DATA PROVIDED

━━━━━━

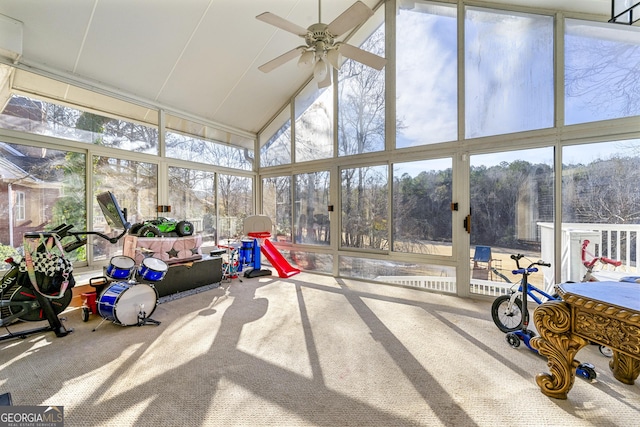 sunroom featuring ceiling fan and lofted ceiling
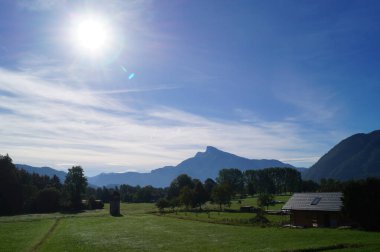 Sonbahar güneşi, Mondsee Gölü yakınlarındaki Ferrata yoluyla Drachenwand civarındaki dağlık bir alp manzarasının üzerinde bulutlu bir gökyüzünde parlar. St. Lorenz, Yukarı Avusturya, Avusturya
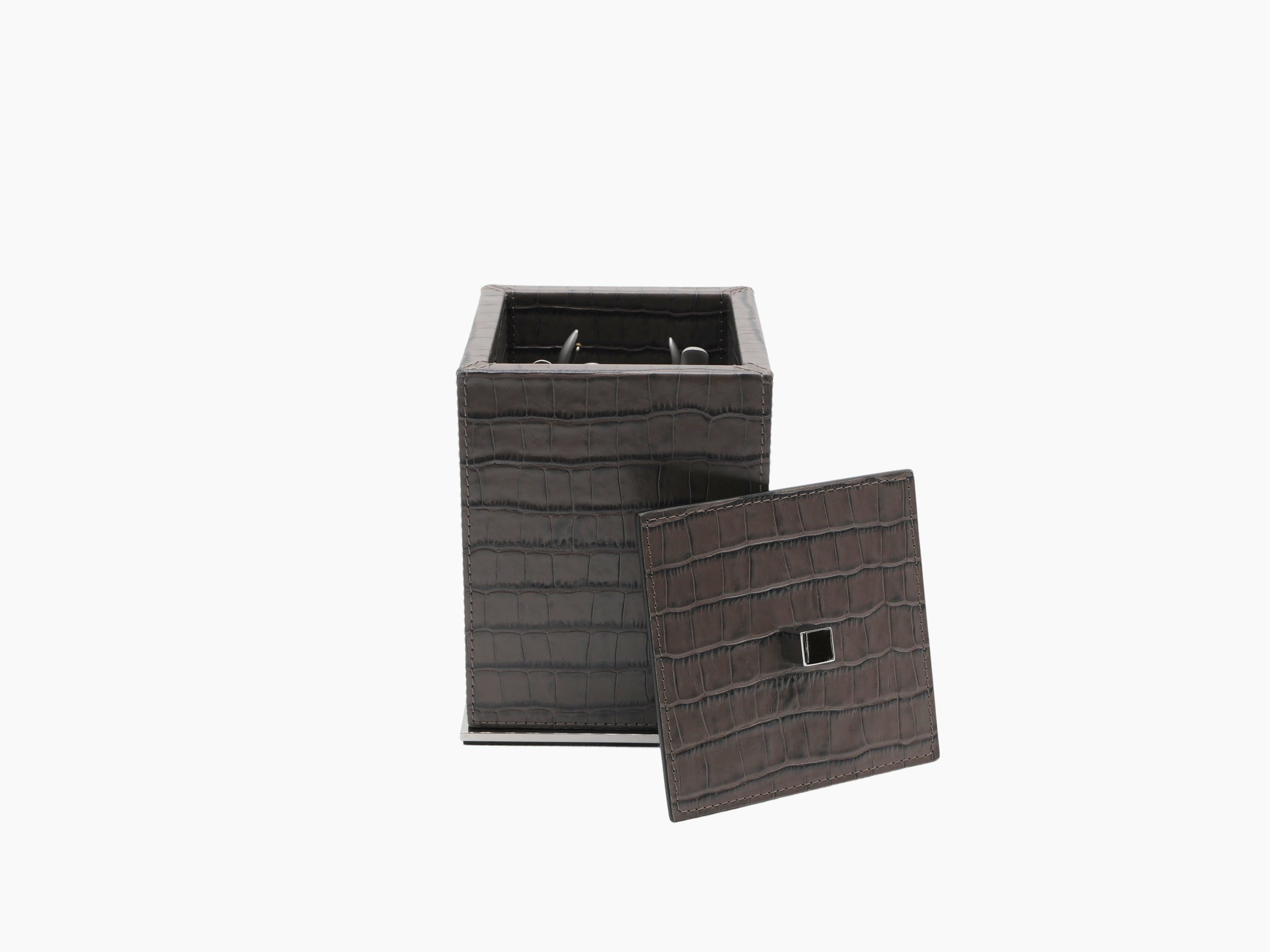 Crocodile pattern leather manicure box with square opening and a separate lid resting beside it.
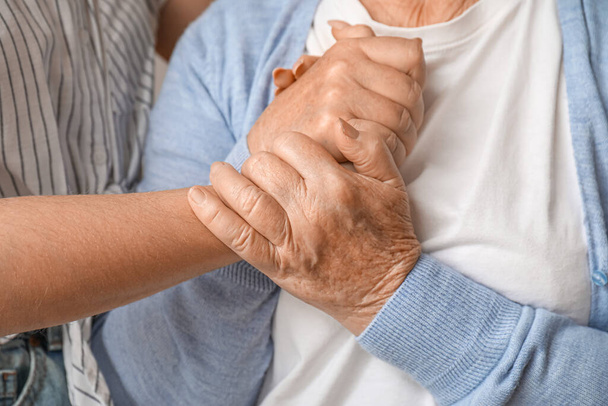 Young woman with her grandmother holding hands at home, closeup - Photo, Image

━━━━━━

WORK TO COMPLETE
The listing above needs to be output again exactly. Don't include the pictures.

PROBLEM SOLUTION
 sunroom featuring ceiling fan and lofted ceiling
 Sonbahar güneşi, Mondsee Gölü yakınlarındaki Ferrata yoluyla Drachenwand civarındaki dağlık bir alp manzarasının üzerinde bulutlu bir gökyüzünde parlar. St. Lorenz, Yukarı Avusturya, Avusturya
 Crocodile pattern leather manicure box with square opening and a separate lid resting beside it.
 Young woman with her grandmother holding hands at home, closeup - Photo, Image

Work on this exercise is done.